Dans les discours, on promet. Dans les nominations, on “rationalise”.
Et dans la réalité, on découvre le véritable programme : faire mentir le discours avec un sourire protocolaire.
Un jeune septuagénaire nommé à la tête de la Société camerounaise d’électricité
Par Thomas Tankou_________
Paul Biya avait promis, pendant son discours d’investiture, de nommer les jeunes et les femmes aux postes de responsabilité.
Les Camerounais ont donc attendu un geste clair :
moins de vieux réflexes, plus de nouveaux visages, un minimum de respect pour la phrase prononcée.
La jeunesse, version officielle : le “jeune septuagénaire”…
À la tête de la Société camerounaise d’électricité, née sur les cendres d’Eneo — on place un “jeune septuagénaire”.
“Jeune”, dites-vous ?
Oui, sûrement.

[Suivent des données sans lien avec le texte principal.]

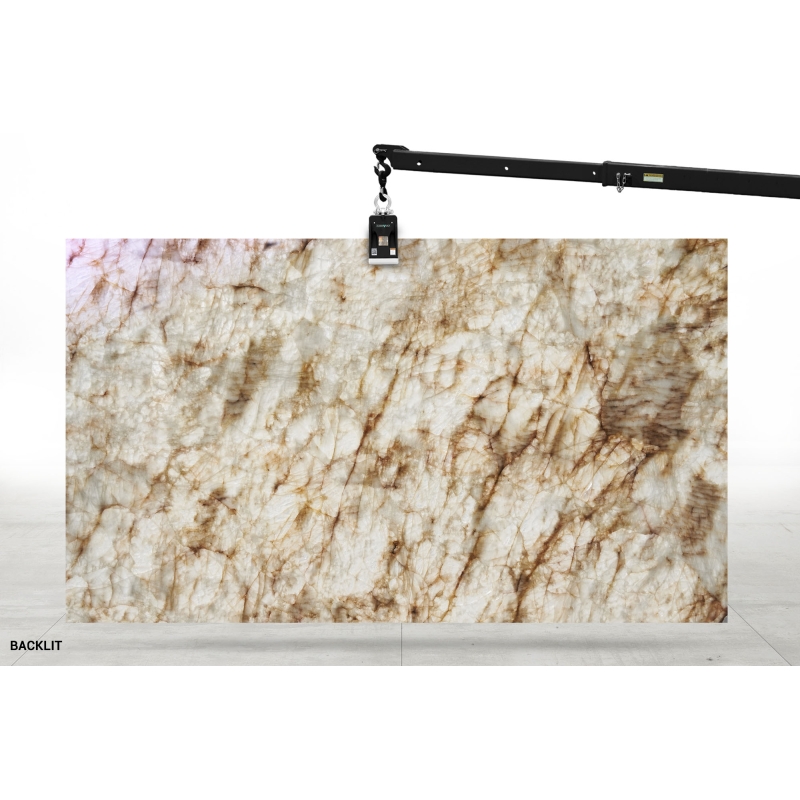 Murion Honed Quartzite Slab Bl.54053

Jeune dans le langage d’État.
Chez nous, la jeunesse ne se mesure pas au temps. Elle se mesure à l’annonce.
Et tant qu’on l’écrit dans un communiqué, elle devient valide, même si elle a déjà une tombe en perspective.
C’est la magie au sommet, le mensonge d’État :
on ne rajeunit pas le pays, on rajeunit juste la définition du mot.
Les femmes ? Pas dans le management, manifestement…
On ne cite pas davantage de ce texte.